26/3/07
Travels in Hyper reality by Umberto Eco
”Disneyland makes it clear that within its magic enclosure it is fantasy that is absolutely reproduced.”
It is this statement that fuels the entire journey and the book regarding the way contemporary culture is now full of re-creations and themed environments.
In Eco’s description of Disney, Eco also saw that behind the facades lurks a sales pitch. Put these ideas together and you have a succinct characterization of the age, which is forever offering us something that seems better than real in order to sell us something. That makes Umberto Eco one of the forerunners of contemporary thinking on this subject.
But, perhaps his most interesting perception occurs when he discovers, behind all the spectacle in Disneyland, the same old tricks of capitalism, with a new twist: "The Main Street facades are presented to us as toy houses and invite us to enter them, but their interior is always a disguised supermarket, where you buy obsessively, believing that you are still playing," he writes. He similarly finds in Disney, "An allegory of the consumer society, a place of absolute iconism, Disneyland is also as place of total passivity.
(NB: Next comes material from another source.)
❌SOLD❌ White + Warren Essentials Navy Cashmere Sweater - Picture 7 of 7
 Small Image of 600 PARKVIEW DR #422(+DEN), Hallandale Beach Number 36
Its visitors must agree to behave like robots."
But what is most remarkable about Umberto Eco's essay is that, in the two decades since it was published, many of its more extreme observations, if not all its attacks on America, have been confirmed, and, in some instances, surpassed. The experience of The Caribbean Pirates ride was described as the scene degenerates, everything collapses in flames, slowly the last songs die away, and you emerge into the sunlight.In no instance are these the cheap tricks of some tunnel of love; the involvement (always tempered by the humour of the inventions) is total. As in certain horror films, detachment is impossible; you are not witnessing another’s horror, you are inside the horror through complete synesthesia; and if there is an earthquake the movie theatre must also tremble.